Data supplied section start

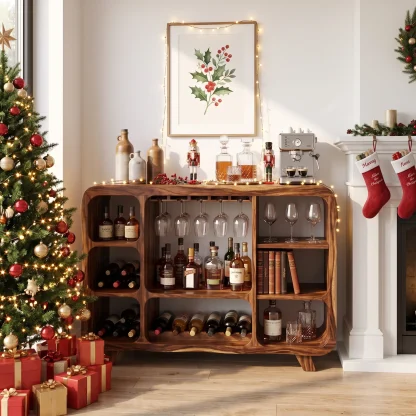 Organic Modern Christmas Wine Cabinet Poolside Living Room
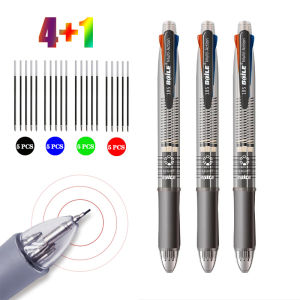 5 In 1 Multicolor Ballpoint Pens with 4 Colors Replaceable Pen Refills 1 Automatic Pencil Lead Kawaii Stationery Top Eraser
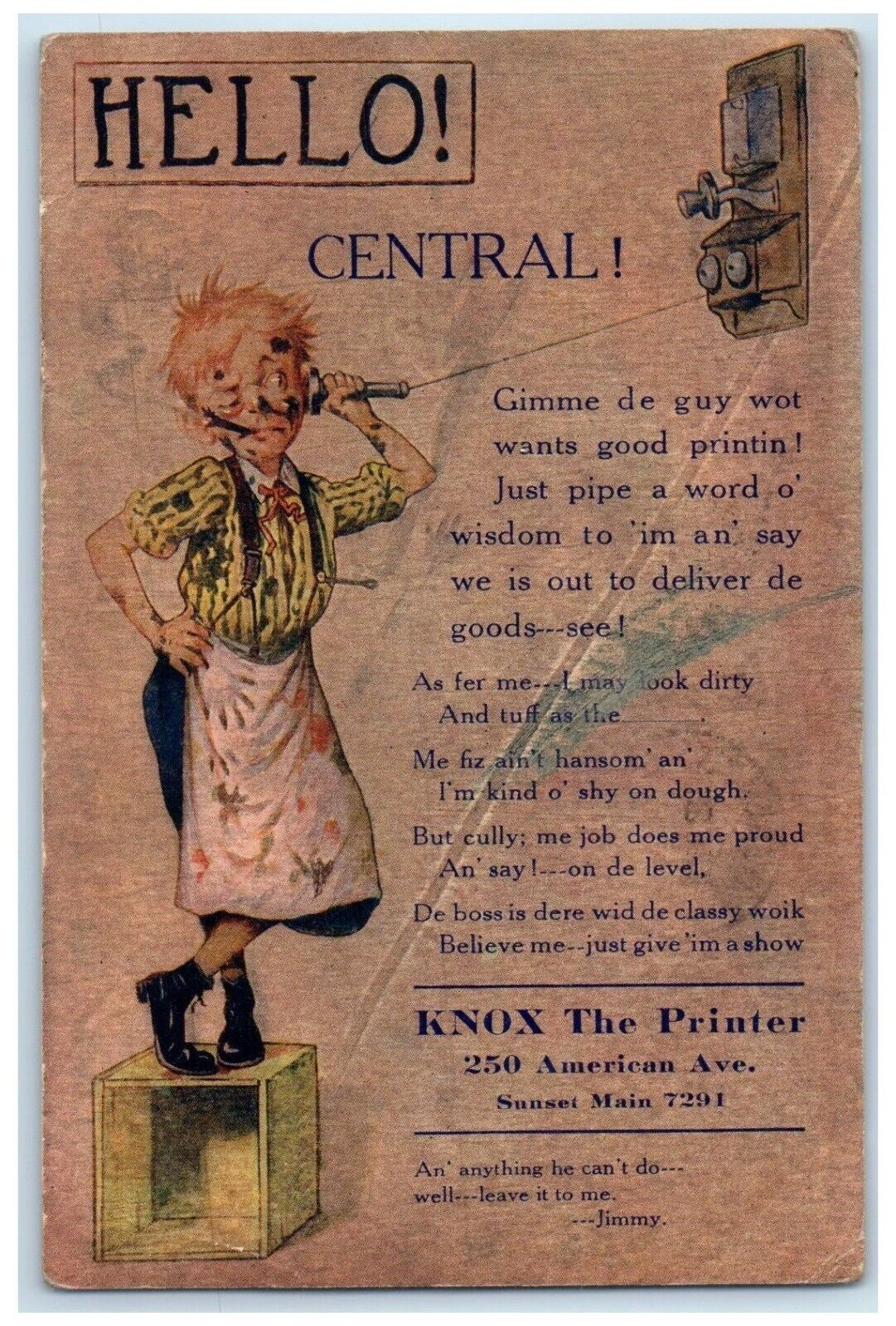 1912 Boy on Telephone Knox The Printer Long Beach CA Advertising Postcard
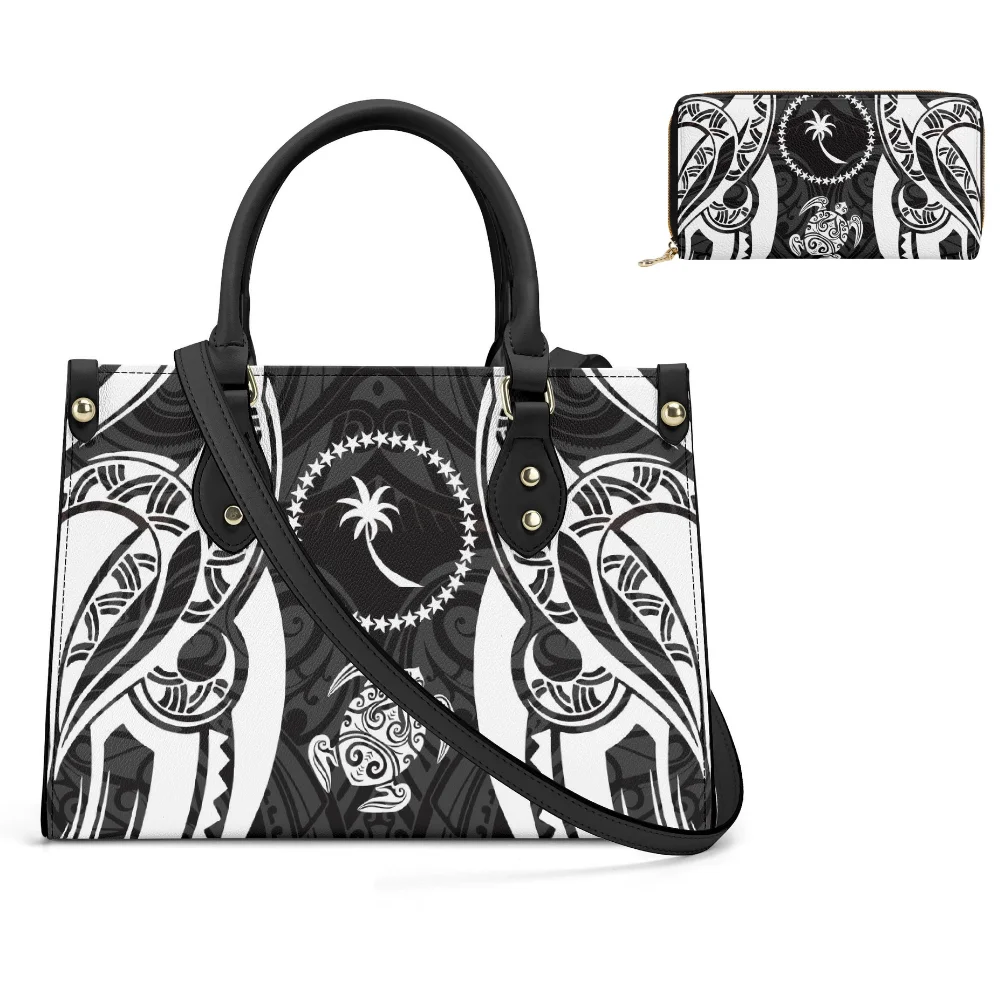 

Hawaiian Polynesian Ethnic Print Handbag Women'S Shoulder Bag Pu Storage Handbag Tote Bag Tote Bag 2 Bolsa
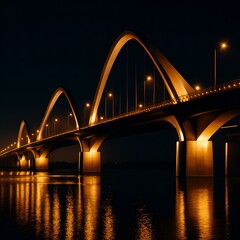 Naklejka premium Modern Architectural Curved Bridge Over Water at Night Long Exposure
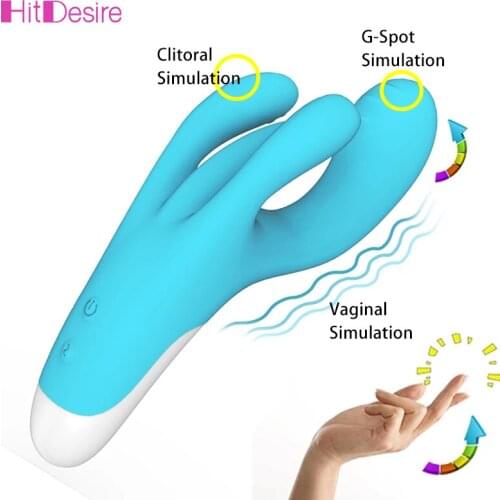 HitDesire G-Spot Rabbit Vibrator 3 Motors Clitoral Vaginal Stimulator with 10 Powerful Vibration Rechargeable for Women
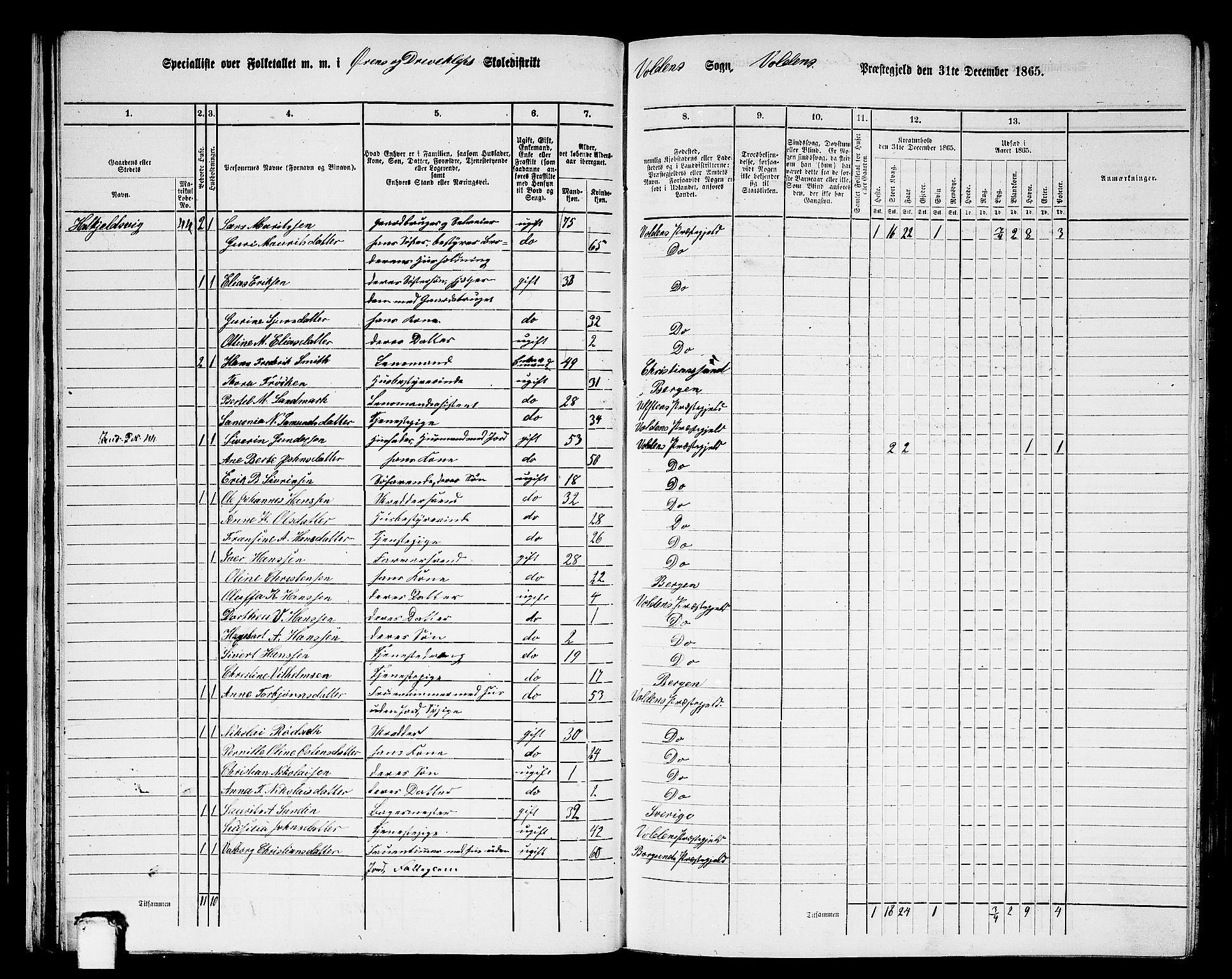 RA, 1865 census for Volda, 1865, p. 30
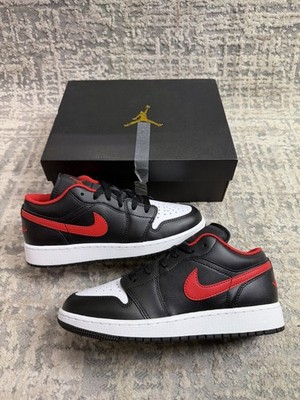 Größe 4,5 - Nike Air Jordan 1 Low (GS) Black Fire Red White 553560-063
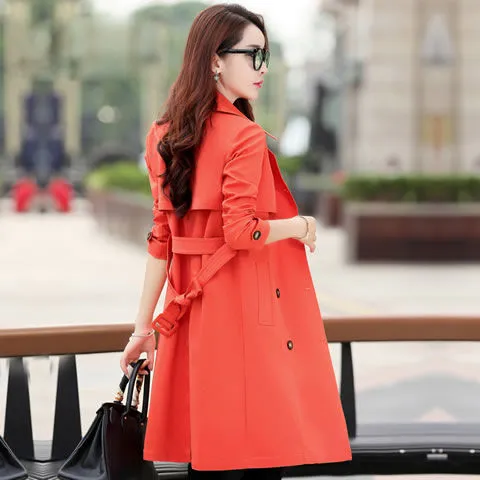 New Slim Size Windbreaker Women's Medium Long Coat Women - Orange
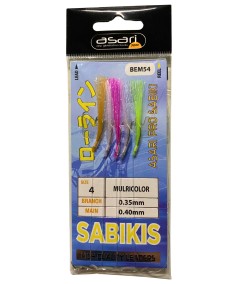 Plumas Asari Pro Sabiki Multicolor nº4 - Metralleta 5 anzuelos, 0.40 mm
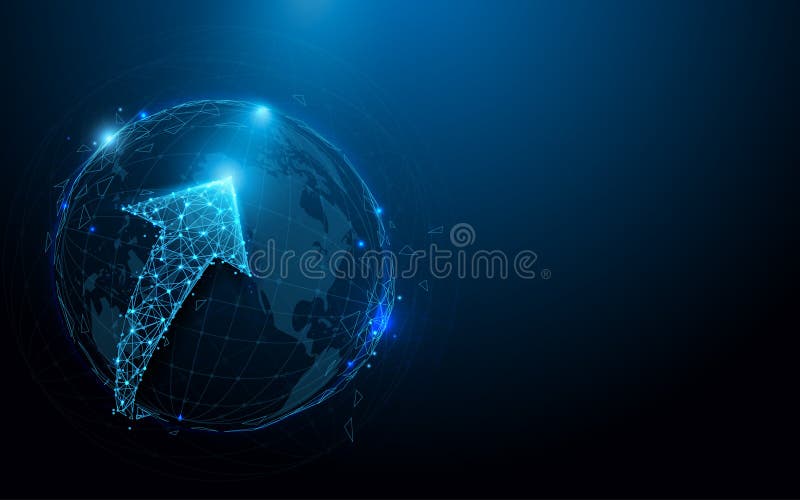 Globe connections network form lines, triangles and particle style design stock illustration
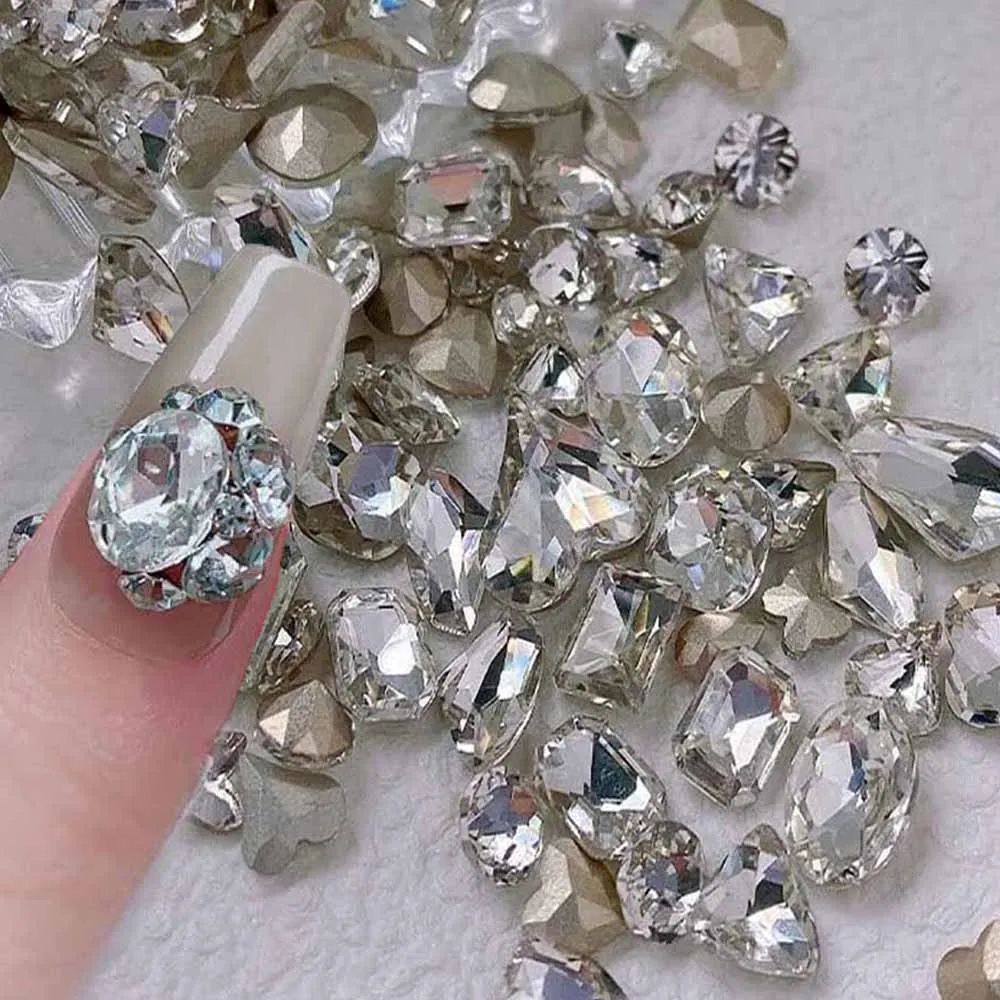 50Pcs/bag Multi-Shape Clear Nail Glass Crystal Mixed Love-heart/Sequare Round Shinying Nail Rhinestone Y2K Manicure Jewelry10x11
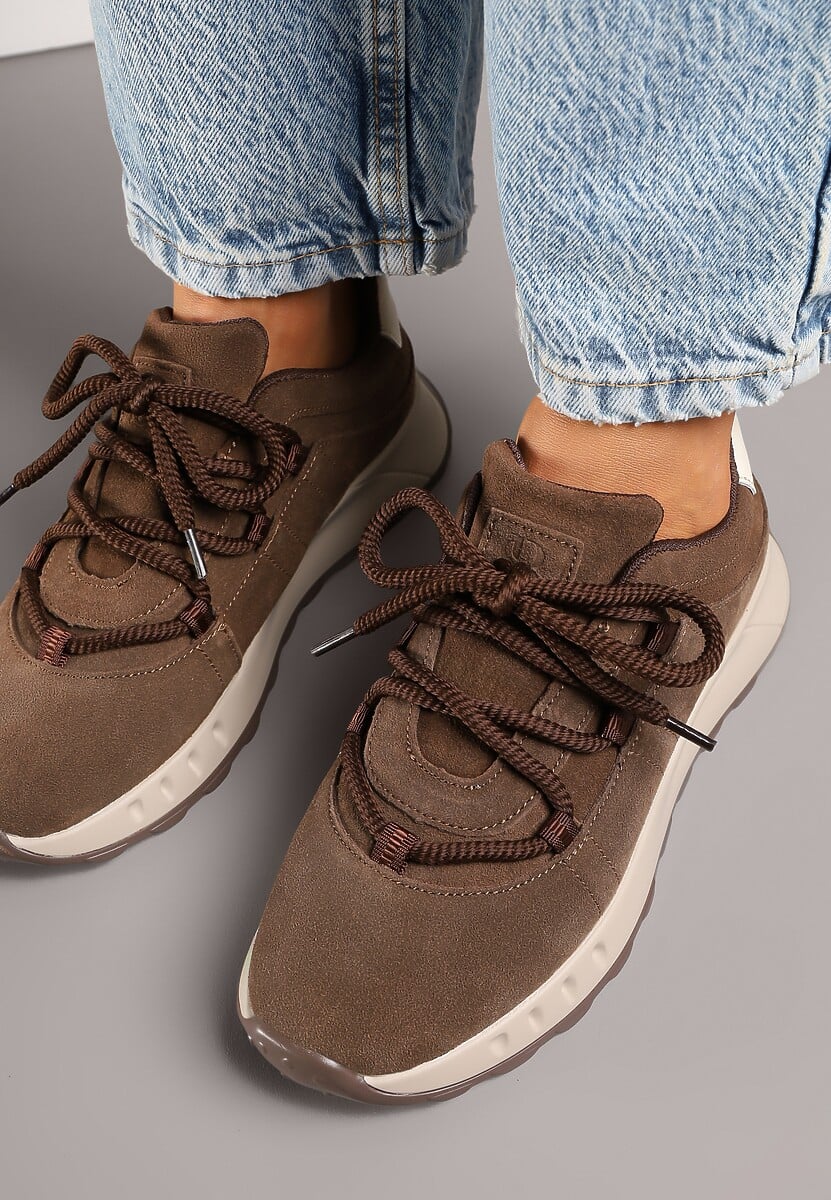 Brązowe Zamszowe Sneakersy z Wkładką ze Skóry Naturalnej Dolavienne 3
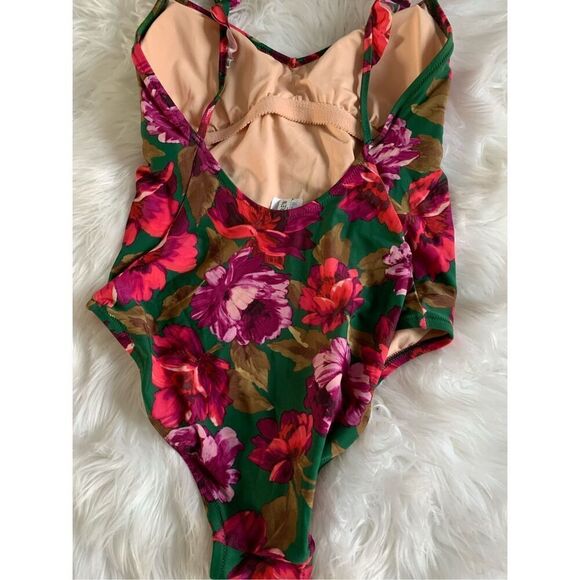 J Crew Emerald Green Bold Floral Ruffled Shoulder Swimsuit Size S - Picture 5 of 8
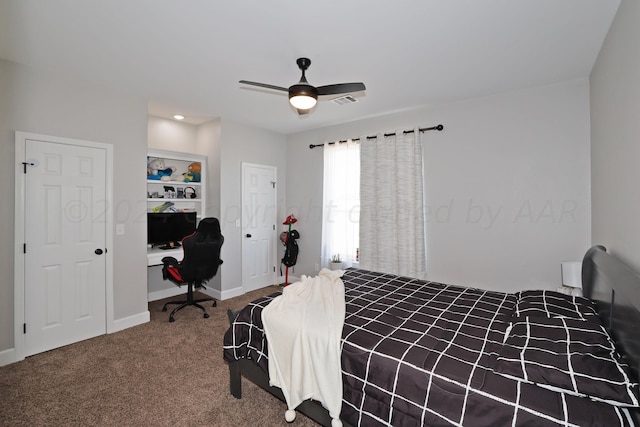 bedroom featuring carpet and ceiling fan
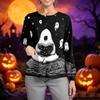 Women Casual Long Sleeve Single Breasted Cardigan Halloween Print Nurse Workwear Top Lightweight Button Up Shirt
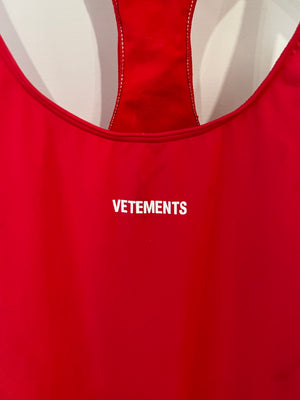 Vetements Red One-Piece Swimsuit with Logo Detail Size S (UK 8) RRP £370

Data supplied section end

Go back to the lines above and output, exactly as they stand, the ones from the line containing "Plumas Asari Pro" to the line containing "Brązowe Zamszowe Sneakersy". Leave all pictures behind.

## [Result for this exercise]
 Plumas Asari Pro Sabiki Multicolor nº4 - Metralleta 5 anzuelos, 0.40 mm
 Globe connections network form lines, triangles and particle style design stock illustration
 50Pcs/bag Multi-Shape Clear Nail Glass Crystal Mixed Love-heart/Sequare Round Shinying Nail Rhinestone Y2K Manicure Jewelry10x11
 Brązowe Zamszowe Sneakersy z Wkładką ze Skóry Naturalnej Dolavienne 3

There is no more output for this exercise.